DB contents can be stolen

To make these compression based attacks work the attacker has to be able to control the input to the database and then steal the database again and again after each change in the attacker controlled input. If the attacker is capable of stealing the database again and again then you might have other serious problems (like the attacker having direct access to the encryption key) and encryption will probably not help you anyways.

server compromised etc

The server has to be compromised in a way that the attacker can control parts of input to the database and is able to read the encrypted input or at least determine it's size. This is a very specific scenario and in most cases the attacker will probably be deeper in the system and has access to the encryption keys anyway. Or that attacker is not that deep in the system and has no access to the encrypted data or the size of the encrypted data.

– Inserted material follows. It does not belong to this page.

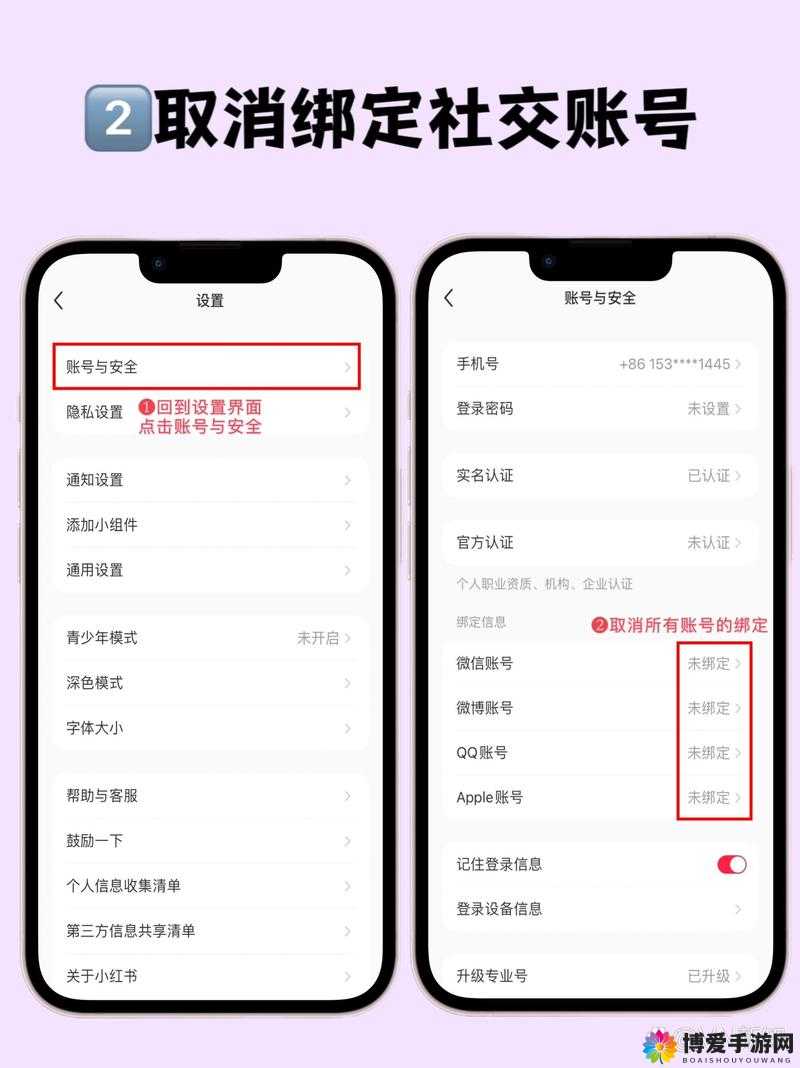 浏览器屏蔽网址怎么办？实用解决方案与技巧全解析，轻松应对访问限制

...I also do wonder whether my proposed solution will in fact protect the encrypted data against attacks related to compression

No it will not. Since you are adding a fixed number of random bytes at the beginning you will in effect just add a string which in most cases cannot be further compressed. And thus you just add a fixed length to the compressed content which does not make this kind of attacks any harder. A better way would be to add a random amount of data but this will also only slow down the attack.

For a more detailed discussion see Can BREACH be thwarted by simply adding a sort of "salt" into the page being compressed?.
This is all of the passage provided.